How much will each person get back?
Kenneth said it’s hard to say exactly how much each person will get back because of this change. She said the calculation involves a formula that takes into account income, marital status and the number of children in a family.
In general, Kenneth said, “low-income, working families will now get hundreds of dollars more back at tax time than they got before.”
Kenneth called it the biggest change in the budget compromise for working, low-income Virginians who, in some cases, may not make enough money to benefit from other recently passed tax cuts, including one-time tax rebates and an increased standard deduction.
When will the boost start and end?
If Youngkin accepts the plan as passed, Kenneth said the policy change is expected to take effect July 1 along with the rest of the budget.
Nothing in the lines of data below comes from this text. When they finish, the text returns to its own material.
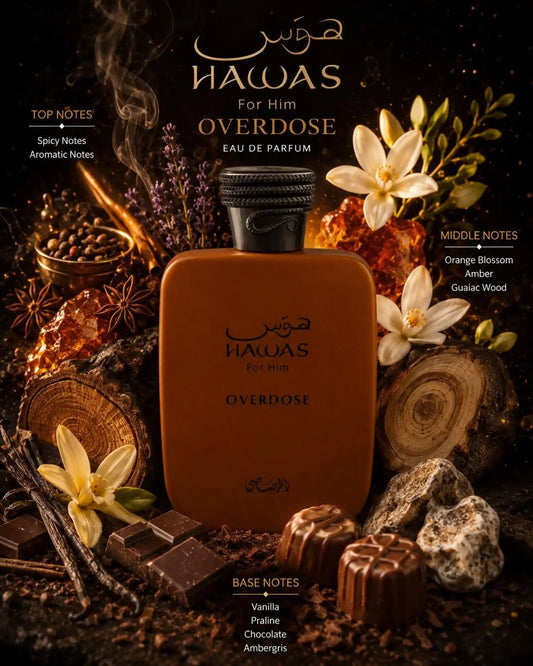 Rasasi - Hawas Overdose 100ml Eau de Parfum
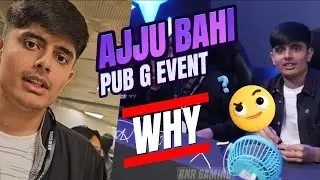 UNSPECTED AJJUBAHI PUB G ⚡ EVENT WHY 🤔| AJJUBHAI FIRST EVENT | AJJUBHAI VLOG | TOTAL GAMING ⚡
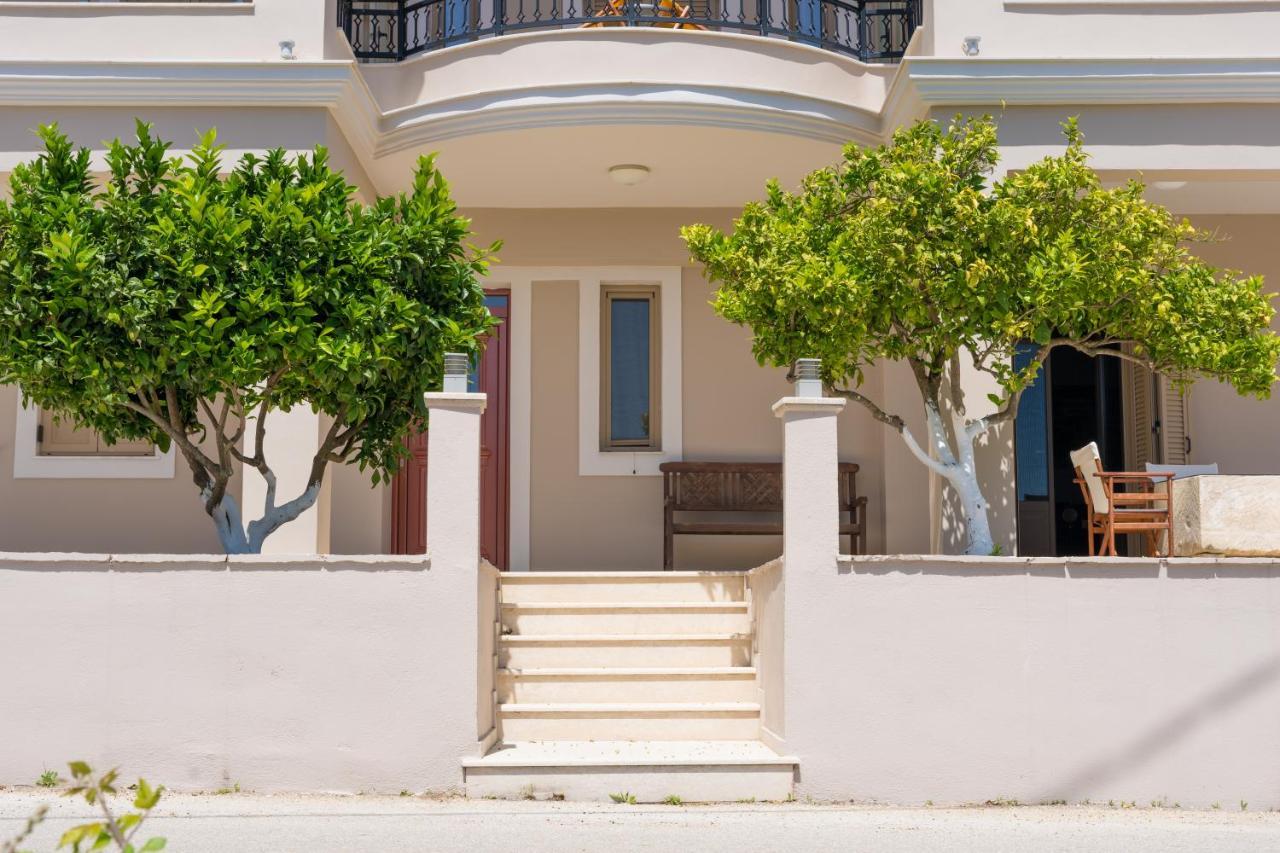 Vilatoria Guesthouse Agia Thekli Luaran gambar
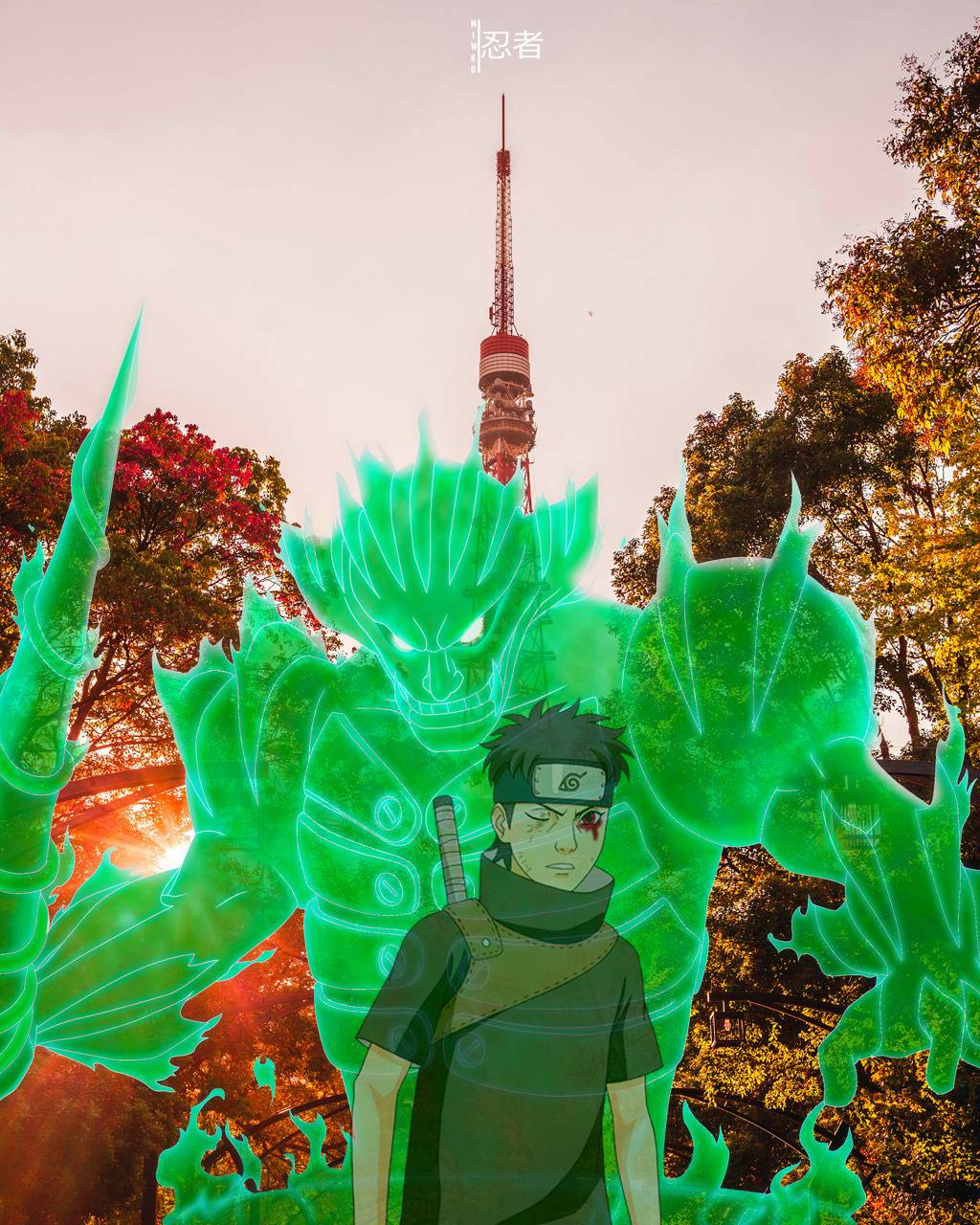 1024x1280 Shisui Uchiha wallpaper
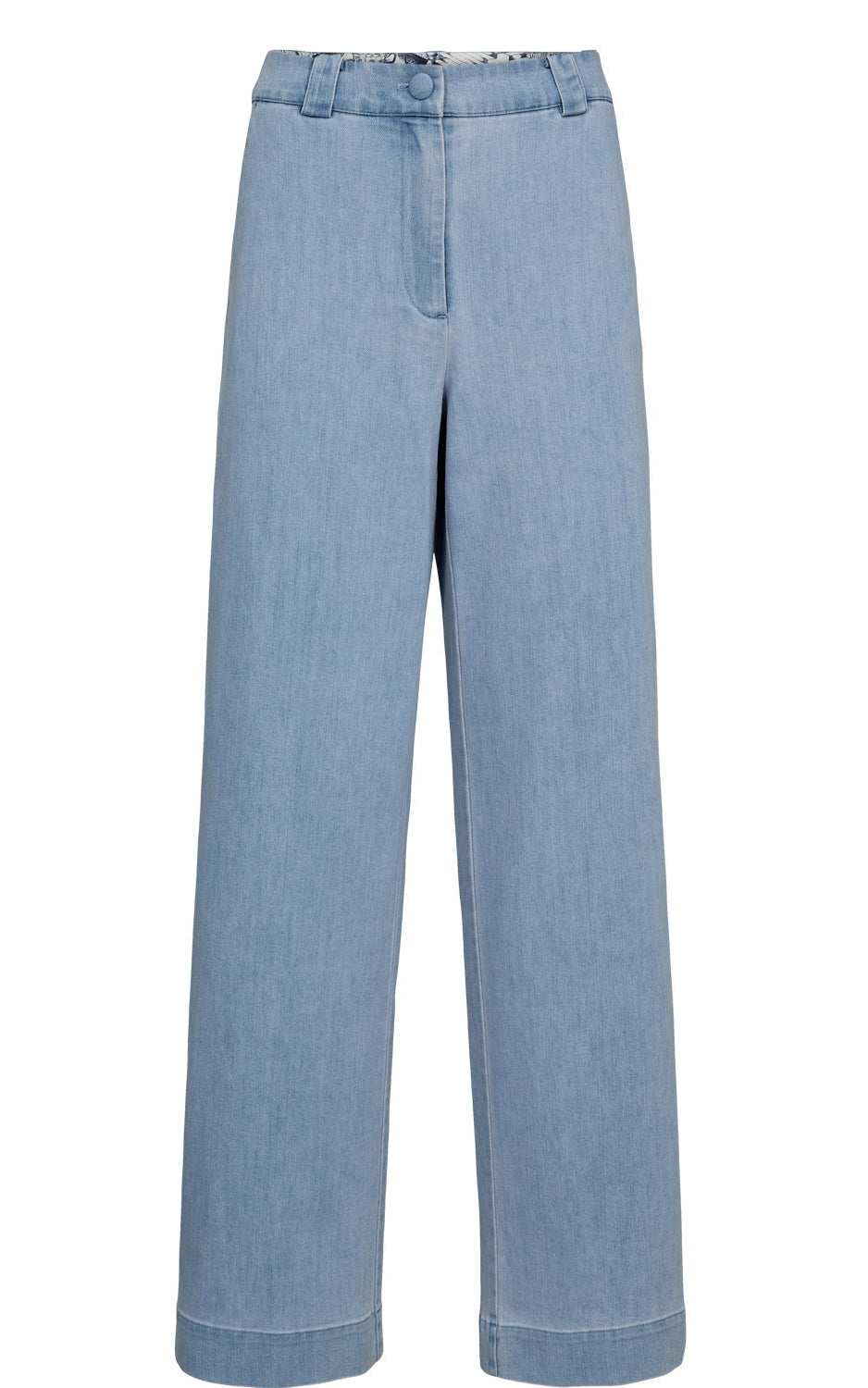Nümph - Nualetta Pants Light Blue Denim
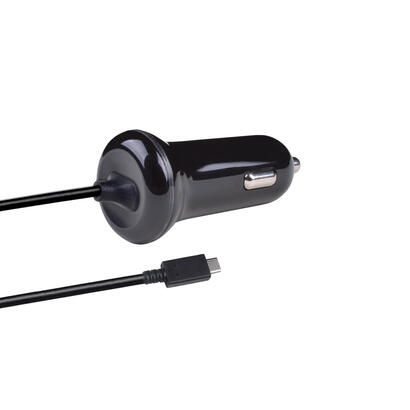 cargador-de-coche-2go-12v24v-negro-usb-tipo-c-31-3000ma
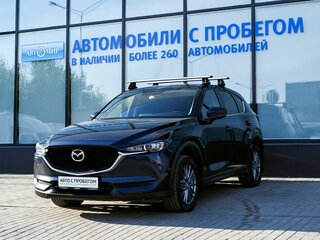 2018 Mazda CX-5 II, синий, 2345000 рублей, вид 1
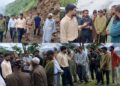 SDM Karnah Visits Batlan Area Amid Inclement Weather, Reviews Essential Services and Safety Measures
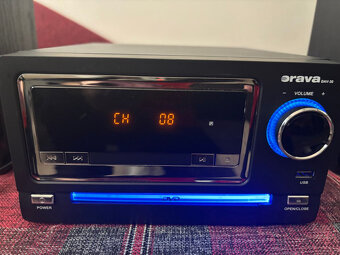 Univerzální přehrávač – DVD, CD, USB, Bluetooth, FM rádio - 5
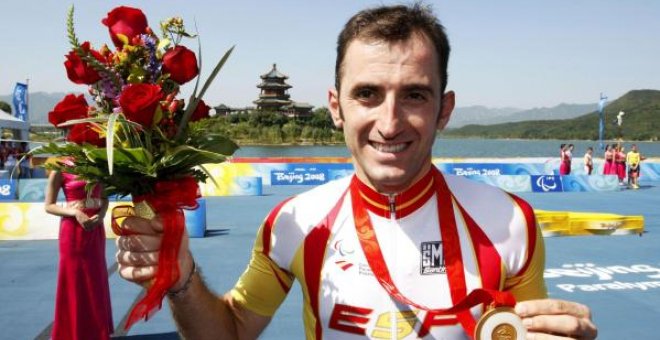 Muere a los 43 años el exciclista profesional y medallista paralímpico Javier Otxoa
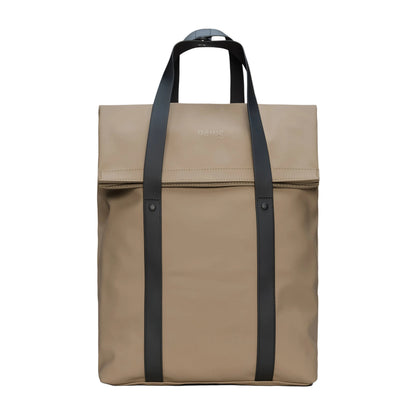 RAINS 2 WAY TOTE BACKPACK W3 BEIGE
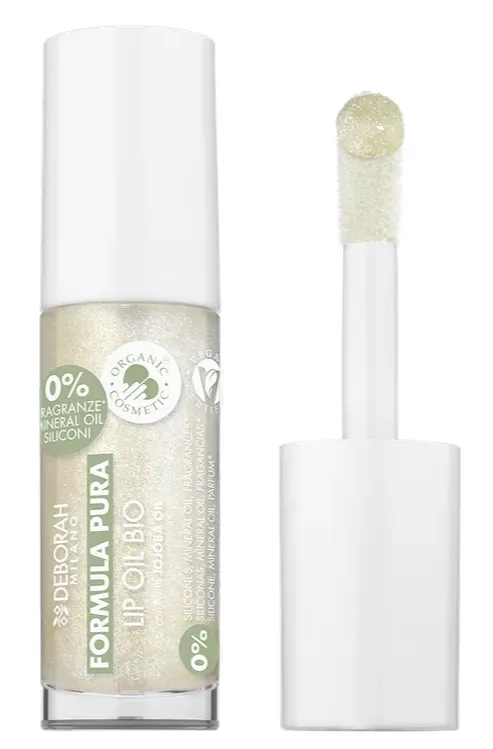 Deborah Milano Formula Pura Lip Oil 01 Pearly 5.5ml (5.5 ml)
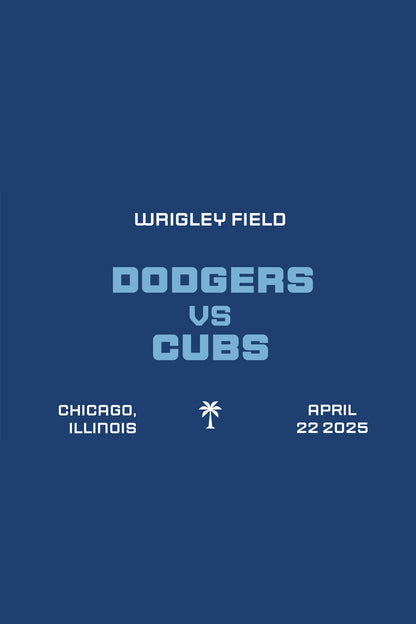 Dodgers vs Cubs Takeover - April 22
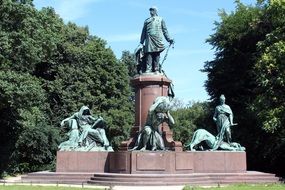 bismarck national monument germania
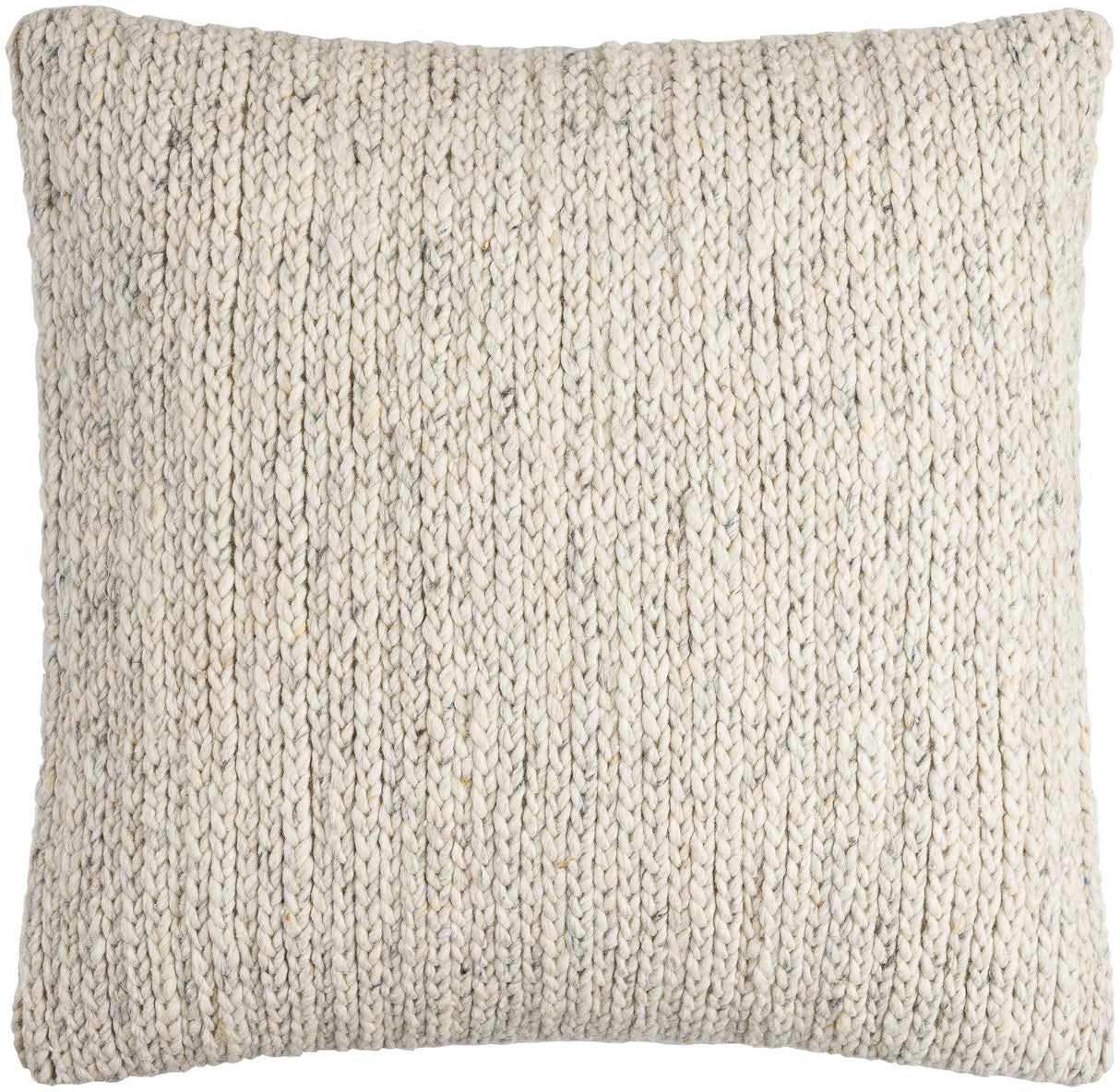 Surya Derby DRB-001 20"H x 20"W Pillow Cover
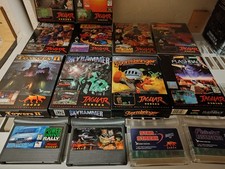 Atari Jaguar Grande Lote De Bons Jogos Skyhammer Power Drive Rally Leia comprar usado Atari Jaguar Grande Lote De Bons Jogos Skyhammer Power Drive Rally Leia comprar usado  Enviando para Brazil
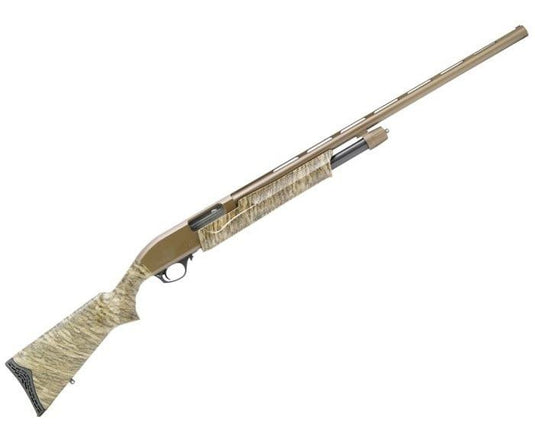 Canuck H2 20 Gauge 3" 28" Barrel Pump Action Shotgun - Mossy Oak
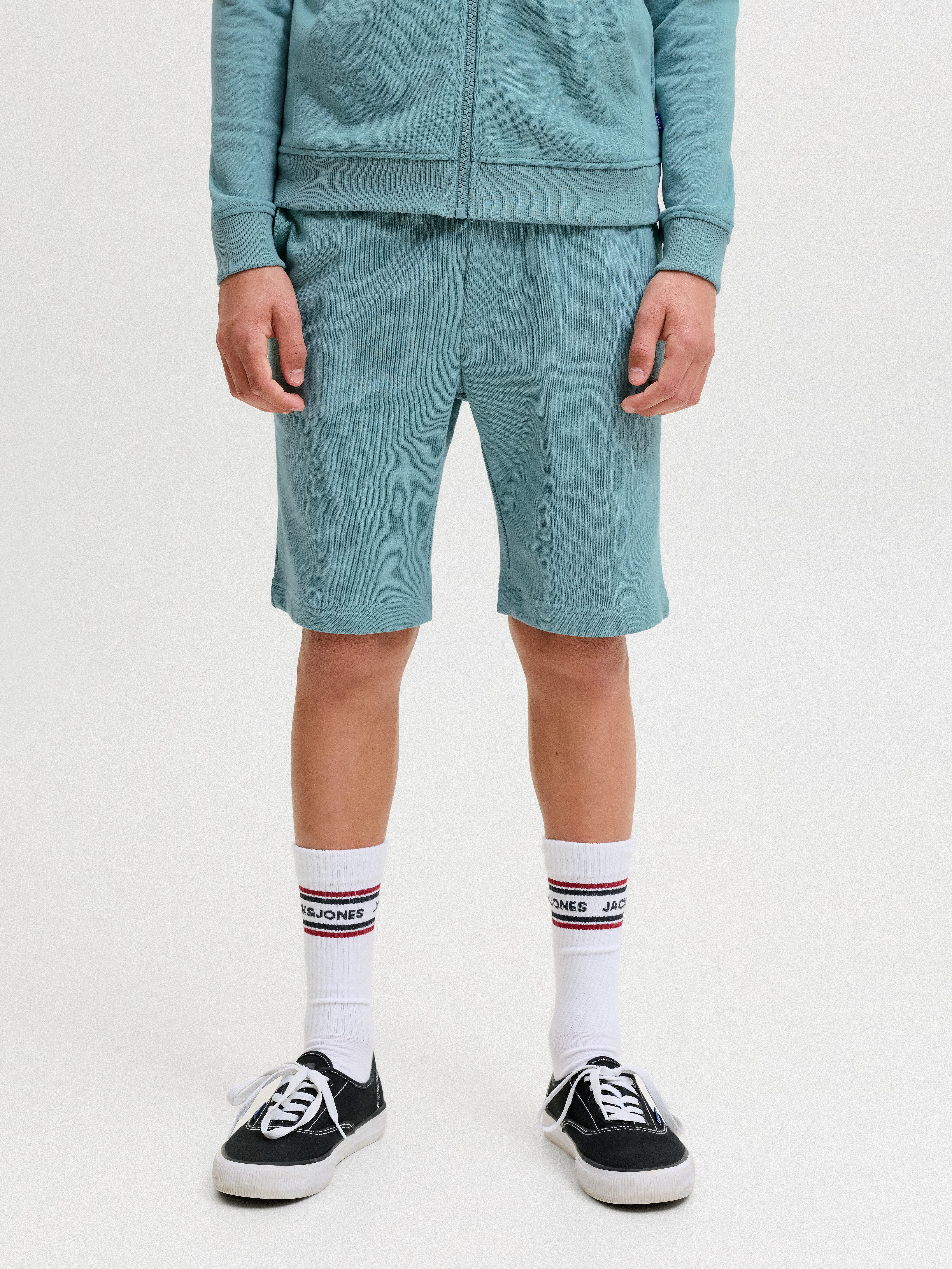 Jack & Jones Junior Sweatshorts JPSTGORDON COLLEGE SWEAT SHORTS MID JNR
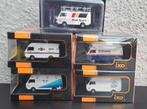 5x vw LT 28 LT 35 LT 45 1:43ème, Nieuw, Overige merken, Ophalen of Verzenden, Auto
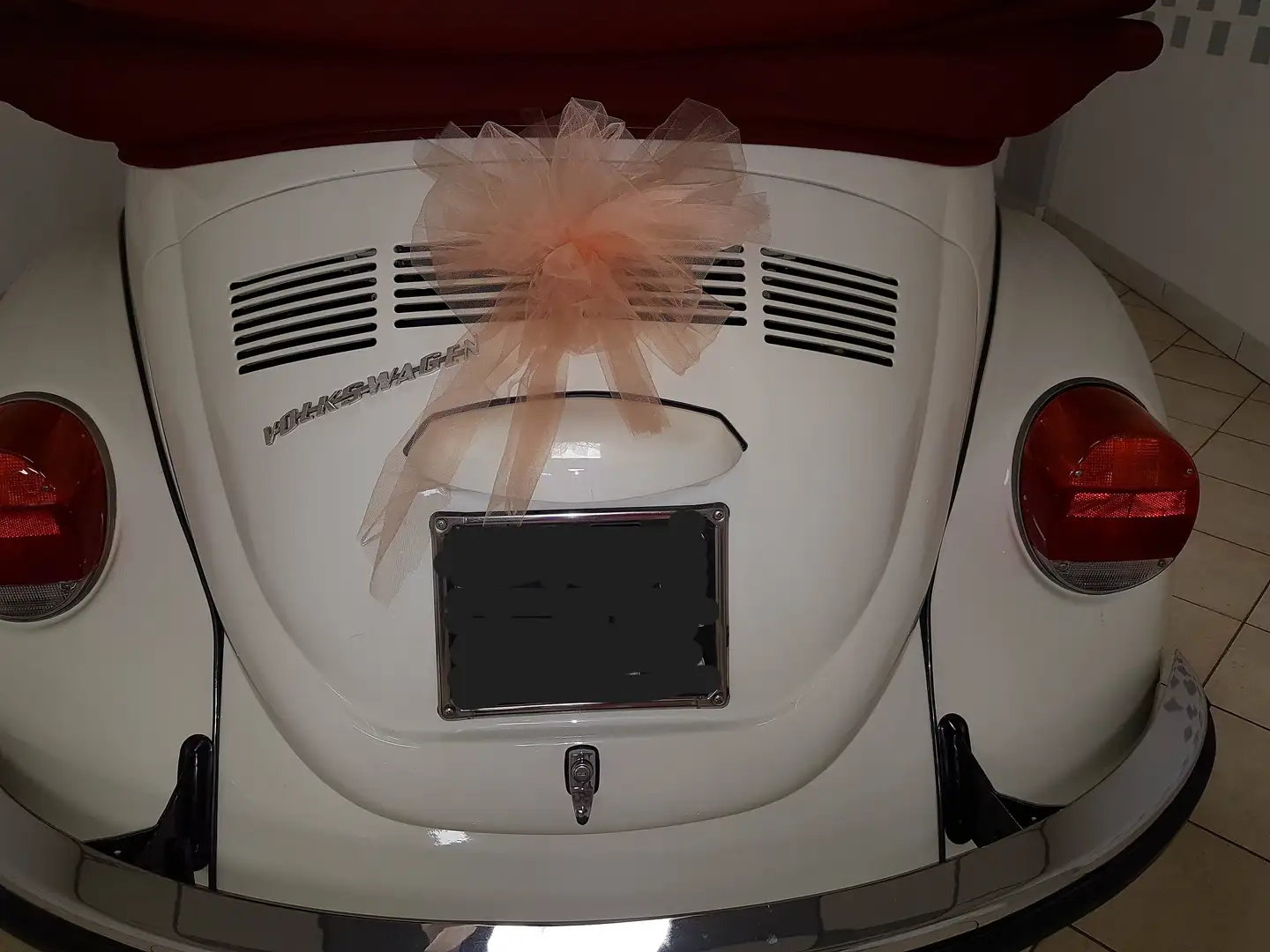 Volkswagen Maggiolino KARMAN Bianco - 2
However, Kenneth said eligible Virginians won’t see the additional money until the spring of 2023 when they get refunds back for the taxable year 2022.
Those who meet the criteria will benefit annually at least through the taxable year 2025.
Additional General Assembly approval would be required to extend the policy after that.
Why hasn’t this happened before?
Budget negotiators had an unusually large amount of money at their disposal while crafting the two-year spending plan, paving the way for a bipartisan compromise that cut taxes and increased investments in core government services.
However, making the EITC refundable has historically faced opposition from Republicans in the General Assembly, who have prioritized other changes to the tax code and argued the increase for lower-income Virginians would come at the expense of the middle class.
“The General Assembly has for years taken a position that we’re going to help people that need help but we’re going to do it through our assistance programs. Doing this through the tax code, in my opinion, is just the wrong way to do it,” Senator Steve Newman (R-Lynchburg) said during a committee meeting earlier this year.
The Commonwealth Institute estimates the change will cost $315 million.
Legislation to provide a larger and longer-term refundable EITC died quickly in the Republican-controlled House of Delegates and never got a vote in the full Democrat-controlled Senate.
Despite limited public debate over the policy, the idea was later salvaged during closed-door budget negotiations and included in the compromise.